Regulatory minefield is a barrier to entry

It’s tempting to be harsh on Spark – and the company has certainly come under fire in the mainstream press, including featuring on a BBC Watchdog documentary. But Spark, which now has 200 employees, at the time of the breach had far fewer – and no well-staffed compliance department. Yet multinational corporations with hundreds of thousands of employees and access to the world’s best regulatory lawyers have consistently flouted consumer protection rules to the point where they have had to pay out tens of millions
of pounds in fines and compensation – yes, big six, we’re talking about you.

No, two wrongs don’t make a right – but can it be fair to expect higher standards of compliance from start-up businesses with straitened resources than we do from the industry’s leaders? Such behaviour is unacceptable from either, of course, but Spark’s experience does highlight one of the major challenges faced by would-be market entrants. Not only do they face the hurdles of the wholesale market, they also have to negotiate Byzantine regulation that some of the world’s biggest businesses can’t manage to stay on the right side of.
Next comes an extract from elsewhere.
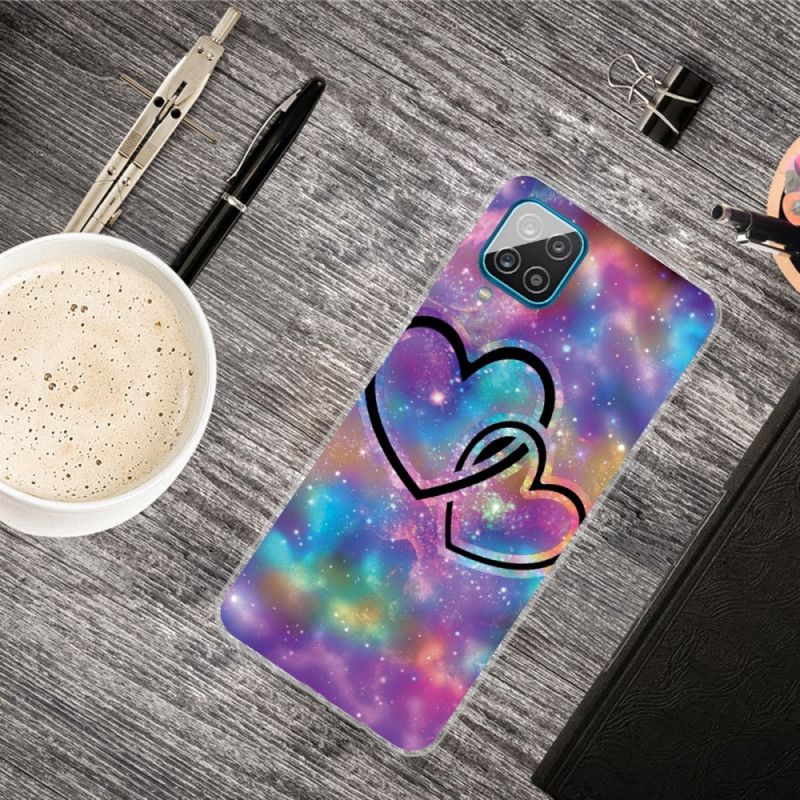 Etui Samsung Galaxy A12 Przykuty Serca Etui Ochronne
The barrier to entry this raises is one of those unintended consequences of regulation that the Competition and Markets Authority will need to examine in its inquiry into the market (see page 15).

If it is decided that a diverse and competitive market is the best solution to the crisis around energy supply (and that is not a foregone conclusion), then surely some extra support should be provided for those smaller market entrants that will make up the competition.